Noncurative management of pancreatic adenocarcinoma (PA) represents a good opportunity to study clinical volume and outcomes in systemic therapy. PA is a high-fatality cancer; in 2018, it was the fourth leading cause of cancer-related death in the United States.16 Most patients present at advanced stages and require palliative-intent management focused on systemic therapy to improve symptoms and survival.17 The introduction of multiagent systemic regimens with improved efficacy but higher toxicity profiles has increased the complexity of noncurative management of PA.18,19 Balancing guidelines that recommend chemotherapy with patient factors such as age or higher comorbidity burden is thus becoming increasingly challenging.17 Finally, the long-lasting stigma of PA as a fatal cancer with few therapeutic options of limited efficacy may still lead to nihilism-driven care delivery, depending on clinical experience. Current management of PA requires more-complex treatment planning and management of toxicities, and familiarity with a high-fatality cancer. All of these considerations may benefit from high-volume (HV) provision of care. We conducted a population-based study to examine the relationship between provider volume and patterns of care and survival in the palliative management of PA.

Methods

Study Design

Using data linked from prospectively maintained administrative databases stored at the Institute for Clinical Evaluative Sciences (ICES) in Ontario, Canada, we conducted a population-based cohort study. Under the Canada Health Act, the Ontario population benefits from universally accessible and publicly funded healthcare through the Ontario Health Insurance Plan (OHIP).20 This study was approved by the Sunnybrook Health Sciences Centre Research Ethics Board and met the data confidentiality and privacy guidelines of ICES.

Data Sources

This study used several linked administrative datasets. The Ontario Cancer Registry includes all patients with a cancer diagnosis in Ontario since 196421; the reliability of the data has previously been reported.2123 The Registered Persons Database (RPDB) contains vital status and demographic data.22 Information regarding health services is included in the Canadian Institute for Health Information (CIHI) Discharge Abstract Database for acute inpatient hospitalizations; the National Ambulatory Care Reporting System for same-day surgery admissions, emergency department visits, and oncology clinic visits; and the OHIP claims database for billing from healthcare providers.24 The Cancer Activity Level Reporting dataset includes chemotherapeutics and medications administered to patients with cancer.
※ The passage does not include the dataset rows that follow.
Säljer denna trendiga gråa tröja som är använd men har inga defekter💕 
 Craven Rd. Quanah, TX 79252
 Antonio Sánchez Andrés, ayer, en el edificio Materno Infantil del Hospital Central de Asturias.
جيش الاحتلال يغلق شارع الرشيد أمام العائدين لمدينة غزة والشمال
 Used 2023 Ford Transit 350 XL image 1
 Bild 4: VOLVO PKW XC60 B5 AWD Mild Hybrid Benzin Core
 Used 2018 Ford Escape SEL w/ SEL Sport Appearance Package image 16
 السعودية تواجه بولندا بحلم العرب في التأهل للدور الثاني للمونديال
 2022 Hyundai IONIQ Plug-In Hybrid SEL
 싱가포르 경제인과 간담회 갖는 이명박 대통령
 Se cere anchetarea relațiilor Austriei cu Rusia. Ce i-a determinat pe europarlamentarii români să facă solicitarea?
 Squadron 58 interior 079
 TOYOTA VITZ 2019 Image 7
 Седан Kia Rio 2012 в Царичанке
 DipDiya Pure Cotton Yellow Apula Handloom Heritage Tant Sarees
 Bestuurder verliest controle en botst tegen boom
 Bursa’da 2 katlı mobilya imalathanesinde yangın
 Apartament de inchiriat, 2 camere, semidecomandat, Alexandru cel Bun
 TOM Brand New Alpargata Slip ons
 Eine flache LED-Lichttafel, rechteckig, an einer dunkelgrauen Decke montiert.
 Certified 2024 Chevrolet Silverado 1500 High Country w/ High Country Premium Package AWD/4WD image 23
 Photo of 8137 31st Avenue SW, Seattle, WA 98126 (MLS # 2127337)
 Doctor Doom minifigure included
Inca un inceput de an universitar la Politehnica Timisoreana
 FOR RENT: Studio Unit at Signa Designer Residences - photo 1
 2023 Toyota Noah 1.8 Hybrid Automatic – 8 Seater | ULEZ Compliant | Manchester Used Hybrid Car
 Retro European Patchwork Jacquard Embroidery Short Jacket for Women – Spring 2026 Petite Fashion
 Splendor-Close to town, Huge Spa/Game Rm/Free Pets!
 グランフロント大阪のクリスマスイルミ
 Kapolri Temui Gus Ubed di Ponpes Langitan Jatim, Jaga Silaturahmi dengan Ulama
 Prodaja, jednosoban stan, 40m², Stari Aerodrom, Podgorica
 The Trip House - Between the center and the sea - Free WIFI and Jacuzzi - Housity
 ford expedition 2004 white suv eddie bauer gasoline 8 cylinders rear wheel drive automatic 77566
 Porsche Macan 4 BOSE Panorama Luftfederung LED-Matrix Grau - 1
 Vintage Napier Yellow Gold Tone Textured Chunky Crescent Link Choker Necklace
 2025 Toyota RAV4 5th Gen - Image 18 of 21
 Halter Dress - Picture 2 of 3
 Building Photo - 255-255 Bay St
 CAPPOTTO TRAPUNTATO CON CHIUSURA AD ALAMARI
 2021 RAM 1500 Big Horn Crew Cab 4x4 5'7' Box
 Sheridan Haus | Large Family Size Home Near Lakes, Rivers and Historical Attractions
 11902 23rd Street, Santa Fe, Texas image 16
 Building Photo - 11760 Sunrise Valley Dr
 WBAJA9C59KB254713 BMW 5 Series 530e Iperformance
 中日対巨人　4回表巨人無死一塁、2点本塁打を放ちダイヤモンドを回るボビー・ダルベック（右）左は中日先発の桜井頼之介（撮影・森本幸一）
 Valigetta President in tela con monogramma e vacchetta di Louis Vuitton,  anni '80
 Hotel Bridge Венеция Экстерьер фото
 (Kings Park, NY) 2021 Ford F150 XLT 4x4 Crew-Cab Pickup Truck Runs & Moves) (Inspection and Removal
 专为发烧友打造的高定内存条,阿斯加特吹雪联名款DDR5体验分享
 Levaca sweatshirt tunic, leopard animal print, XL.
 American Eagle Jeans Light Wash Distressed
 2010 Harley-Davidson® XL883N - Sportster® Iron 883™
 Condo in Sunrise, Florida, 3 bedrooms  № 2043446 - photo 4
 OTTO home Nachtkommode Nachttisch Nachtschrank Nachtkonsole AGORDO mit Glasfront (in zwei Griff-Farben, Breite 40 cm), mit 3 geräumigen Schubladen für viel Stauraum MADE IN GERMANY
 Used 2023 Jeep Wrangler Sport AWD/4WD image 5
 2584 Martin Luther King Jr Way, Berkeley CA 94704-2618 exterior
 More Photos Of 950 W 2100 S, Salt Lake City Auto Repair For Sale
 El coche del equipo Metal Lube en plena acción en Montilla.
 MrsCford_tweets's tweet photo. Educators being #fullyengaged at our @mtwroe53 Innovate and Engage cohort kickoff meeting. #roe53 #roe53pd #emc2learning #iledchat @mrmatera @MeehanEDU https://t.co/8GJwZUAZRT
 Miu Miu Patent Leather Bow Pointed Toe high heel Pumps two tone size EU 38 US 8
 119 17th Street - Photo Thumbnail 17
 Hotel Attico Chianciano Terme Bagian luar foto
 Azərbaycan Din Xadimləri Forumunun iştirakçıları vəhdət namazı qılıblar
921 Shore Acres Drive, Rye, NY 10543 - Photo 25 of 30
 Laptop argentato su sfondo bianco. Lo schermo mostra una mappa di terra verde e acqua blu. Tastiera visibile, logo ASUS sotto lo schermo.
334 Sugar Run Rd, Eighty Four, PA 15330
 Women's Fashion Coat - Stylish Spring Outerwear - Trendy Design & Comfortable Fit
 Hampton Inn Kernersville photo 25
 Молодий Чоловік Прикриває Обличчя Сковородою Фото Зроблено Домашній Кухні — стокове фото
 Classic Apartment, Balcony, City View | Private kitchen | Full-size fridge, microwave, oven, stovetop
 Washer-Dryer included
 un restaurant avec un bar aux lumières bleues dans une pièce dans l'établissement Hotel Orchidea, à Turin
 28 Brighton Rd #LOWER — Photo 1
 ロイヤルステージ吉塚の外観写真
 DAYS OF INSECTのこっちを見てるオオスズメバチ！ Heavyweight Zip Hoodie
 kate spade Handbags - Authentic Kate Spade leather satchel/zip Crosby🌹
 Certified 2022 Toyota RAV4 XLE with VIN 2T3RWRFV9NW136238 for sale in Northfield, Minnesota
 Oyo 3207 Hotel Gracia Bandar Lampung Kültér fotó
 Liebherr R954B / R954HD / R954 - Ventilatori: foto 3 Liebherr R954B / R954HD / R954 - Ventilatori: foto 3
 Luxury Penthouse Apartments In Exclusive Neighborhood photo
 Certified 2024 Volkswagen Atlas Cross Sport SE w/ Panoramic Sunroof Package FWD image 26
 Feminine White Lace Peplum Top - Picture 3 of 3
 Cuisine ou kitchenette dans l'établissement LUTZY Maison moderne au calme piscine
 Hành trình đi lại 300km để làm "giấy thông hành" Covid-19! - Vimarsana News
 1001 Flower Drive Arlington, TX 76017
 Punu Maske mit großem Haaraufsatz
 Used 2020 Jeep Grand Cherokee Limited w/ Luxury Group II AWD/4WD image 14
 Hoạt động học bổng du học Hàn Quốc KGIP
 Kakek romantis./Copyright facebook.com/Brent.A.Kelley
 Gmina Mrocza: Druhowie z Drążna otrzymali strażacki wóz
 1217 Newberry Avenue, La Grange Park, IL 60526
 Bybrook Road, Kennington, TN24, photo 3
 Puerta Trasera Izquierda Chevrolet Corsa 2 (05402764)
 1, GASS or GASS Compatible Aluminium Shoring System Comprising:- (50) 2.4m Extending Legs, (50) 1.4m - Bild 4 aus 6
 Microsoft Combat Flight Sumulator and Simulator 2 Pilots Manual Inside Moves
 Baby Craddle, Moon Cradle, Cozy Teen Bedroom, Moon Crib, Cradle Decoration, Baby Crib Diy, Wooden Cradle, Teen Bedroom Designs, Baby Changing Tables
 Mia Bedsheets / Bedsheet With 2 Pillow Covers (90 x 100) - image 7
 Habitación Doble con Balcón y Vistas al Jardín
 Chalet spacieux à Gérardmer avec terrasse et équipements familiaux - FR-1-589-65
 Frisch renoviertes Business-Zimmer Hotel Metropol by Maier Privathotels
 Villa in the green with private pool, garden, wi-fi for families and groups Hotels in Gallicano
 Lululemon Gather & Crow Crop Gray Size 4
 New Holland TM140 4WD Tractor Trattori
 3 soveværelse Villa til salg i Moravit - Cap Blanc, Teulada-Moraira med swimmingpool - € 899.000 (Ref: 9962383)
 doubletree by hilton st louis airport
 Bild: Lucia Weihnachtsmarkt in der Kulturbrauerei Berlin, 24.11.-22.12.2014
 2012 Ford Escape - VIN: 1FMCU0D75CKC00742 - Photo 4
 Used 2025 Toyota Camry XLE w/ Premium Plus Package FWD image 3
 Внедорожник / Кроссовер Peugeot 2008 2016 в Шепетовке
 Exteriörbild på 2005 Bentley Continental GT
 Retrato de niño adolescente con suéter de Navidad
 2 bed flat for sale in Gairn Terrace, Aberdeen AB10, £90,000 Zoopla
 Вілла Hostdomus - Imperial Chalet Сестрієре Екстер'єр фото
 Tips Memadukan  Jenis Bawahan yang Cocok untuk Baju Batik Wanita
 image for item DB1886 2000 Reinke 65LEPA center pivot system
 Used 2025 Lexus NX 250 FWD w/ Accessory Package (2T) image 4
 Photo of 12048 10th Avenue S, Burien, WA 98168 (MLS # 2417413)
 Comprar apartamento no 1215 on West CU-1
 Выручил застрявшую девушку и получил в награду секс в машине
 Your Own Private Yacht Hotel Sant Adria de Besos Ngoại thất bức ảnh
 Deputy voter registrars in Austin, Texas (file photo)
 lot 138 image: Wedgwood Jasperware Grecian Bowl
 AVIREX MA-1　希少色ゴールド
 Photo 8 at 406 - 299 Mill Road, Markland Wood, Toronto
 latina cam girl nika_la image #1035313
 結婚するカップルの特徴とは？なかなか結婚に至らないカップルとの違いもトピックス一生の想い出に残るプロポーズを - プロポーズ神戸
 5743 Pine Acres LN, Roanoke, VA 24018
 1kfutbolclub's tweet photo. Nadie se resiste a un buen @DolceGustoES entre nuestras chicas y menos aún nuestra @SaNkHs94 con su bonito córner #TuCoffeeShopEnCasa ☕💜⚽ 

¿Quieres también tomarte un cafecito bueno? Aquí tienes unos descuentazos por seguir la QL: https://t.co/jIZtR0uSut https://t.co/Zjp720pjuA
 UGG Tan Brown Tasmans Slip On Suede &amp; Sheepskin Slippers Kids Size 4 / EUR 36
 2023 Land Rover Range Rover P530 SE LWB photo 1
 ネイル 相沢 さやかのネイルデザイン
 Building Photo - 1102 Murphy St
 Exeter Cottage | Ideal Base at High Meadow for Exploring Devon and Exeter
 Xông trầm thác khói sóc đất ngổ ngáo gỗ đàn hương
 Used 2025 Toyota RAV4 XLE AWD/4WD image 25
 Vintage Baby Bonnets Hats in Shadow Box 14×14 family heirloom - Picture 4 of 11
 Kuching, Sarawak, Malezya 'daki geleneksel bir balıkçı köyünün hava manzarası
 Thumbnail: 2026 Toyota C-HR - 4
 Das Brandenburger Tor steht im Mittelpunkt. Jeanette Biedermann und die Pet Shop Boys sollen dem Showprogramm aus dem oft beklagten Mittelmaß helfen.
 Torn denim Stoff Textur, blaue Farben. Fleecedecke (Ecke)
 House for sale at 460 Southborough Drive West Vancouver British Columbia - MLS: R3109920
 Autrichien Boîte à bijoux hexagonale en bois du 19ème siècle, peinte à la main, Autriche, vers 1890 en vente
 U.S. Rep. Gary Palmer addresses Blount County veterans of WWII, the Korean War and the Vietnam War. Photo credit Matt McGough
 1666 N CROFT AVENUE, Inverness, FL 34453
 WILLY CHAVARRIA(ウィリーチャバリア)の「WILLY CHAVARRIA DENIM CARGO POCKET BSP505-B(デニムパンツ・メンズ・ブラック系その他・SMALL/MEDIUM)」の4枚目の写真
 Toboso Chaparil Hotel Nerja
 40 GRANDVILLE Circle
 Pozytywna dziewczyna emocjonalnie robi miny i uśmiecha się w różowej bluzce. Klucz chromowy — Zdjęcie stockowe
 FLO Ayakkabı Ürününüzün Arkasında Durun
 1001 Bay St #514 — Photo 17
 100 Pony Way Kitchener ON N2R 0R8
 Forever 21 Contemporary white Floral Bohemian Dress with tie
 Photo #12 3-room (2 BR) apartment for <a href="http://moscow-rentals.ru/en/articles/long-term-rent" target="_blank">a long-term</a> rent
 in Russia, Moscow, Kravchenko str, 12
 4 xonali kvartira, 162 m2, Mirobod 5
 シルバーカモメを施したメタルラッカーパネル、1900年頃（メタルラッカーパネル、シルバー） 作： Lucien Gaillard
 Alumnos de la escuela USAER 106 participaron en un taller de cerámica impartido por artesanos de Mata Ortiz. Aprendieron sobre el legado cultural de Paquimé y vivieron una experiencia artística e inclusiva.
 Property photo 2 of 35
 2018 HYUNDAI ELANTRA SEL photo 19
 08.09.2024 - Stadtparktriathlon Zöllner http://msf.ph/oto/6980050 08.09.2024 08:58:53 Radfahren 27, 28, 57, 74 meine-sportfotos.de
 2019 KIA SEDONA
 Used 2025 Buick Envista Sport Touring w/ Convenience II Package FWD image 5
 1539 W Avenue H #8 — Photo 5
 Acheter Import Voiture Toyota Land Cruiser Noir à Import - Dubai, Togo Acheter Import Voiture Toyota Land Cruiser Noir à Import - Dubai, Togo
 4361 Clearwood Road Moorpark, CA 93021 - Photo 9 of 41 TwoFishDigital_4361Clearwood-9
These databases have been validated for a variety of diagnoses and services.24 The datasets were linked using unique encoded identifiers.

Study Population and Cohort

This study was conducted in all patients with a valid OHIP number diagnosed from 2005 to 2016. Patients with a new diagnosis of PA were identified in the Ontario Cancer Registry using ICD-O-3 codes, and we retained only patients who did not undergo curative-intent pancreatectomy (supplemental eTable 1, available with this article at JNCCN.org). Patients were excluded if they died before or on the date of diagnosis, had another cancer diagnosis before or after PA diagnosis, or were aged ≤18 or ≥99 years at diagnosis. Finally, patients were included if they were seen by a medical oncologist between diagnosis and end of follow-up (death, last clinical encounter, or end of study as of March 31, 2017), defined using OHIP claims as ≥1 encounters with a medical oncologist. Any physician who submitted billing claims for chemotherapy administration codes (G281, G339, G345, G359, G381) during the study period was classified as a medical oncologist.23

Exposure

The main exposure of interest was the provider volume of each medical oncologist seeing patients in the cohort. Provider volume was the number of new noncurative PA consultations seen per year per provider over the study period. Each patient was assigned to one provider; if a patient saw more than one provider, the provider seen most often was assigned. Patients were divided into quintiles based on the provider volume of their medical oncologist in order to evaluate variability in outcomes across a continuum of provider volume; HV providers were assigned to the fifth quintile (highest), and low-volume (LV) providers were assigned to the first to fourth quintiles.

Covariates

Age and sex were abstracted from the RPDB. Rural living was determined by the postal code of residence.25 Income quintile was based on the median income of a patient’s postal code of residence using national census data.24,26 The comorbidity burden was measured using the Johns Hopkins Adjusted Clinical Group system score. The 32 aggregated diagnosis groups were summed to create a total score, then dichotomized with a cutoff of 10 for high comorbidity burden, consistent with previous reports.27,28 Time period of diagnosis used year of diagnosis, categorized as 2005 through 2010 and 2011 through 2016, to account for temporal changes in management after outcomes of treatment with FOLFIRINOX (leucovorin/fluorouracil/irinotecan/oxaliplatin) and nab-paclitaxel chemotherapy regimens.18,19

Outcome Measures

Receipt of chemotherapy was determined by identifying patients for whom at least 2 chemotherapy infusions were billed from the date of diagnosis to end of follow-up.2931 Overall survival (OS) was measured from date of diagnosis to date of death according to the RPDB. The end of follow-up was defined as the date of death, date of last contact, or March 31, 2017, offering an opportunity for a minimum of 12 months of follow-up for all patients.

Statistical Analysis

Descriptive analyses were used to define baseline characteristics and outcomes. Categorical variables were reported as absolute number and percent, and continuous variables were reported as mean with SD or median with interquartile range (IQR). Comparison testing was undertaken using the chi-square test for categorical variables and the Kruskal-Wallis or t test for continuous variables. Kaplan-Meier methods were used for OS analysis,32 and OS curves were compared between provider volume groups using the log-rank test.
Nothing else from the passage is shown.